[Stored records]
Segment Open

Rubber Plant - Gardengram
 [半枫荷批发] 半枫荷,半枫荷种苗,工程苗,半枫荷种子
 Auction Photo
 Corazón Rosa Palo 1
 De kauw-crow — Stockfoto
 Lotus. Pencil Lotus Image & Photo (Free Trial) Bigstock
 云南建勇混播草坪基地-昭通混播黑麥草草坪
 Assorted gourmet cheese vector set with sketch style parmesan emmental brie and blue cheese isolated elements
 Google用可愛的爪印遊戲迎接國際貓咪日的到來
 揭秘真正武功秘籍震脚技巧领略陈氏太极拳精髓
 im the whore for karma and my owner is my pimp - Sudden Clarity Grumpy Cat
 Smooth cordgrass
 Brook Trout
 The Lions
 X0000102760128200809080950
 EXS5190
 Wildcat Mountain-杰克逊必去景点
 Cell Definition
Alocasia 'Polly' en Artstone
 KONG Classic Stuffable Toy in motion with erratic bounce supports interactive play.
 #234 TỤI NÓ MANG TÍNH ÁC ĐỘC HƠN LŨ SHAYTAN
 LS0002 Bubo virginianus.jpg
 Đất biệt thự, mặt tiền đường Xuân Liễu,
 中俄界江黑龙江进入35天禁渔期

Segment Closed

Retype only the stretch of lines above starting at the one with "Lotus. Pencil Lotus" and stopping at the one with "Brook Trout", exactly as written, with both kept.

**Exercise answer:**
 Lotus. Pencil Lotus Image & Photo (Free Trial) Bigstock
 云南建勇混播草坪基地-昭通混播黑麥草草坪
 Assorted gourmet cheese vector set with sketch style parmesan emmental brie and blue cheese isolated elements
 Google用可愛的爪印遊戲迎接國際貓咪日的到來
 揭秘真正武功秘籍震脚技巧领略陈氏太极拳精髓
 im the whore for karma and my owner is my pimp - Sudden Clarity Grumpy Cat
 Smooth cordgrass
 Brook Trout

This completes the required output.